Vittorio Frigerio

 

Barbera, Alessandro. Camerata Topolino. L'ideologia di Walt Disney. Stampa Alternativa. Roma, 2001.

Il y a quelques mois seulement, lors du trentième anniversaire de la mort du romancier Dino Buzzati, les journaux se firent de nouveau l'écho de certains jugements qu'il avait portés sur l'oeuvre de Walt Disney. Selon l'auteur du Désert des tartares, les personnages disneyens étaient « une des plus grandes inventions narratives de la modernité », à comparer sans hésiter avec ceux de Dickens ou de Balzac. Il est vrai que la souris de Disney ne cesse d'inspirer toutes sortes de commentaires et d'exégèses. Que se passe-t-il vraiment entre ces deux grandes oreilles rondes et noires ? Et que se passe-t-il entre les oreilles des lecteurs - et surtout de ces lecteurs professionnels que sont les critiques - lorsqu'ils se trouvent face à la production abondante et multiforme de Walt Disney ? C'est dans l'essentiel à ces deux questions que l'auteur s'efforce de répondre dans ce petit livre très stimulant, qui apporte une contribution raisonnée et originale à l'étude des fonctions idéologiques de la narration de masse.

L'étude de Barbera se divise en deux parties presque égales. La première est consacrée à un tour d'horizon de la réception critique des travaux produits sous le sceau de la « Walt Disney Corporation » en Italie. Il y passe en revue, avec un humour souvent quelque peu mordant, les diverses prises de position suscitées par les oeuvres disneyennes chez des critiques aux orientations politiques différentes. La deuxième partie de l'ouvrage est réservée à une discussion du parcours politique de Disney lui-même et à une interprétation nouvelle des contenus idéologiques de sa production, et tout particulièrement des grands longs-métrages en dessins animés, considérés comme les plus représentatifs de la vision de l'auteur.

La première section suscite l'intérêt pour deux raisons.

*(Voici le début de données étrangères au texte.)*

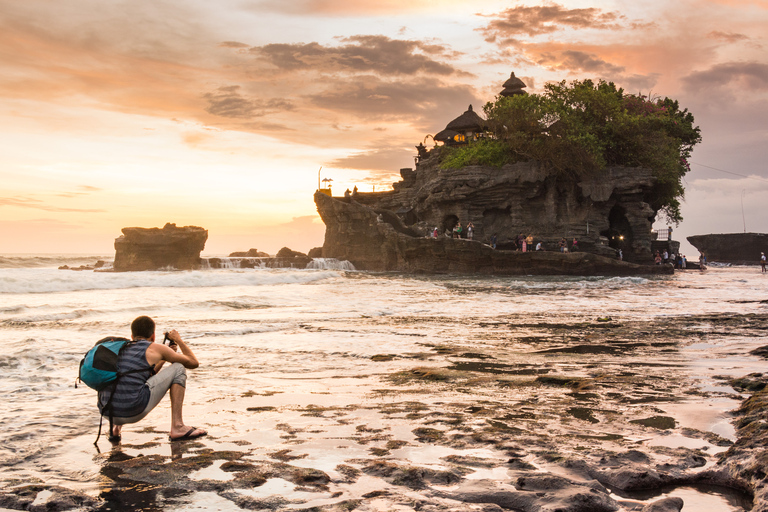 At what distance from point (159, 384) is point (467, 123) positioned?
49.6m

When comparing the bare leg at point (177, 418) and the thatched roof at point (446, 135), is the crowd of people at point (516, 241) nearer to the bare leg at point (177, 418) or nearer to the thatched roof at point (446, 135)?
the thatched roof at point (446, 135)

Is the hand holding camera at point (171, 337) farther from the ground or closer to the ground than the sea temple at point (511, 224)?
closer to the ground

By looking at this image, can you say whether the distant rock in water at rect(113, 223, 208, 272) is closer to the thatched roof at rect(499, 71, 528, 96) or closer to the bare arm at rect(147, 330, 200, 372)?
the thatched roof at rect(499, 71, 528, 96)

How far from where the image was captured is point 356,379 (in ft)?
20.2

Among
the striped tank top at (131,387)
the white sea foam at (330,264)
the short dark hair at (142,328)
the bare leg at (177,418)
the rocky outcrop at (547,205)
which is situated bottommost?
the bare leg at (177,418)

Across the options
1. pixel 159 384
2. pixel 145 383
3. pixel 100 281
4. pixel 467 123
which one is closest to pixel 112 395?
pixel 145 383

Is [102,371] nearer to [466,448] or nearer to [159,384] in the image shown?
[159,384]

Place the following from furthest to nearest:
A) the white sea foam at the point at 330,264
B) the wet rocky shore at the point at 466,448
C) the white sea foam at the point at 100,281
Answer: the white sea foam at the point at 330,264 → the white sea foam at the point at 100,281 → the wet rocky shore at the point at 466,448

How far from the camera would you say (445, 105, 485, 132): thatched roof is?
50594 millimetres

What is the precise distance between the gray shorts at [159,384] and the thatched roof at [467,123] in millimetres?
48722

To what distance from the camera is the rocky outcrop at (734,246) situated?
5337 cm

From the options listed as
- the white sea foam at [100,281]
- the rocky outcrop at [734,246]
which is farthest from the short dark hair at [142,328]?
the rocky outcrop at [734,246]

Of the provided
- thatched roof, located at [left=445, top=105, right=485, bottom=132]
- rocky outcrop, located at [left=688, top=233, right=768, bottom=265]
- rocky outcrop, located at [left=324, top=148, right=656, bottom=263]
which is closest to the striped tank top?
rocky outcrop, located at [left=324, top=148, right=656, bottom=263]

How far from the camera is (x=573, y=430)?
4.05 meters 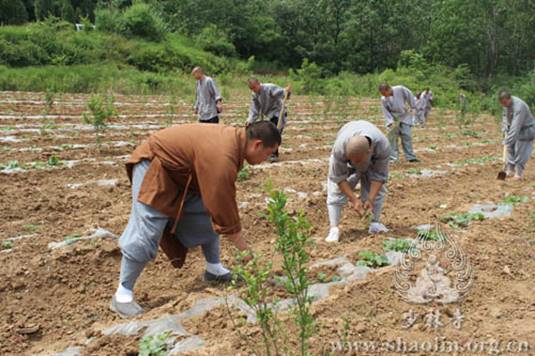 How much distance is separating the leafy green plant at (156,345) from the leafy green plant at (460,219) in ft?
10.3

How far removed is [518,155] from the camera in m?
7.78

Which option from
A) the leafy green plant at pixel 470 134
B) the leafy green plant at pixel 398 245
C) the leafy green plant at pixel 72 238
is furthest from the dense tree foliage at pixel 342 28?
the leafy green plant at pixel 398 245

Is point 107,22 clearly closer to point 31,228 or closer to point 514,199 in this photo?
point 31,228

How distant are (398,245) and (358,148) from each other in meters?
0.89

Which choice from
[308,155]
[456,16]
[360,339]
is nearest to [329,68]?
[456,16]

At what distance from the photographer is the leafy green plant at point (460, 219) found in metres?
4.80

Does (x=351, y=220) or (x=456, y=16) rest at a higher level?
(x=456, y=16)

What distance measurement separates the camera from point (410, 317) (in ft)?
9.71

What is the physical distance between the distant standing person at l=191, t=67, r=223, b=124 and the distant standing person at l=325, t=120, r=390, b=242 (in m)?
4.47

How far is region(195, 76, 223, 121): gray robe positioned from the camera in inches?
336

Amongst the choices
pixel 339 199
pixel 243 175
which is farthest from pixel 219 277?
pixel 243 175

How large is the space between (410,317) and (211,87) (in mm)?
6386

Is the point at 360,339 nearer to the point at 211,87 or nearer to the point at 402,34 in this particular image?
the point at 211,87

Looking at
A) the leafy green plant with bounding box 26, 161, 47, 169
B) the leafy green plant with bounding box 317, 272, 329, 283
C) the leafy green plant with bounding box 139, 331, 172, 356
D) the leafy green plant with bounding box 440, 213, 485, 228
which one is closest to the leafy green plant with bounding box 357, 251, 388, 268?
the leafy green plant with bounding box 317, 272, 329, 283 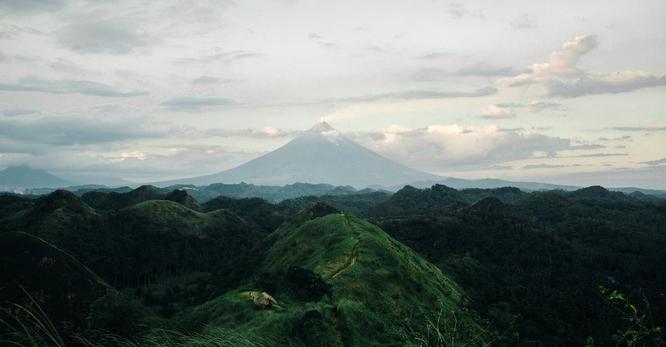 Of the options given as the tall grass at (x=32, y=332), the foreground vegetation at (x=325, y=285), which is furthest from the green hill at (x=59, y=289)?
the tall grass at (x=32, y=332)

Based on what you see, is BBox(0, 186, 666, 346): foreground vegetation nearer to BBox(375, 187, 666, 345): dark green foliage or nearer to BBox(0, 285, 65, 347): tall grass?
BBox(0, 285, 65, 347): tall grass

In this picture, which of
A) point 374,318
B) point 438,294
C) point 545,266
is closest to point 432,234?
point 545,266

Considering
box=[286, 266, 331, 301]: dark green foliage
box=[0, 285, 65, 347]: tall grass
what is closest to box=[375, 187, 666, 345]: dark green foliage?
box=[286, 266, 331, 301]: dark green foliage

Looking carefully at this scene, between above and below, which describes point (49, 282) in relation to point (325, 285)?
below

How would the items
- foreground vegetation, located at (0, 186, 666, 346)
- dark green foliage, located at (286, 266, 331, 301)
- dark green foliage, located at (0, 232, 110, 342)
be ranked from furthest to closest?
dark green foliage, located at (0, 232, 110, 342) < dark green foliage, located at (286, 266, 331, 301) < foreground vegetation, located at (0, 186, 666, 346)

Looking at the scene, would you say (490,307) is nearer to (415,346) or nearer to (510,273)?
(510,273)

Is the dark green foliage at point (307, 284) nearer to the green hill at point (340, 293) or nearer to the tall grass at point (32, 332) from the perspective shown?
the green hill at point (340, 293)

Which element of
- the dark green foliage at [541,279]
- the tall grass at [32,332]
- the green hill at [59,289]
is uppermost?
the tall grass at [32,332]

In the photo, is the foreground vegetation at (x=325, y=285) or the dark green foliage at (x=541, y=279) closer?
the foreground vegetation at (x=325, y=285)

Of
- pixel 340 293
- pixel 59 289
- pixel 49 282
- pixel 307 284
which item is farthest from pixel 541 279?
pixel 49 282

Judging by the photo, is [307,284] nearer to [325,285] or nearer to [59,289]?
[325,285]

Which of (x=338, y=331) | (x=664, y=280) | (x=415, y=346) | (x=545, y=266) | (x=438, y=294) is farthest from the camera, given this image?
(x=545, y=266) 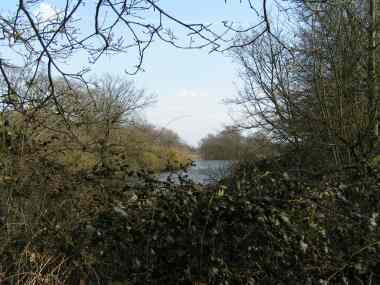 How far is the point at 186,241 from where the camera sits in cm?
340

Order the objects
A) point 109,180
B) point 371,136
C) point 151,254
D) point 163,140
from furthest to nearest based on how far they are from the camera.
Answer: point 371,136 < point 163,140 < point 109,180 < point 151,254

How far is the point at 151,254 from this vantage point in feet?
11.0

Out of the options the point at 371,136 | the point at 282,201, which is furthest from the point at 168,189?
the point at 371,136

Le lecteur étranger ne manquera sûrement pas d'être frappé par l'abondance des débats autour de la figure de Mickey et de celles des autres personnages qui l'entourent, qui témoigne de l'immense pénétration en Europe, et spécialement dans la péninsule, de l'imaginaire disneyen. Le lecteur nord-américain, tout particulièrement, sera sans doute étonné par la diffusion des bandes dessinées de Mickey et compagnie - pratiquement inconnues sur le nouveau continent, où la souris est devenue surtout l'équivalent d'une marque de commerce - et par l'étendue des exégèses qui leur ont été consacrées. Au-delà de cet effet de dépaysement, qui est bien toutefois le symptôme évident des énormes capacités d'adaptation de la production culturelle de masse à l'époque de la globalisation, cette première partie du livre a aussi le mérite de mettre en lumière des problématiques typiques de la narration « industrielle » à travers un cas particulier.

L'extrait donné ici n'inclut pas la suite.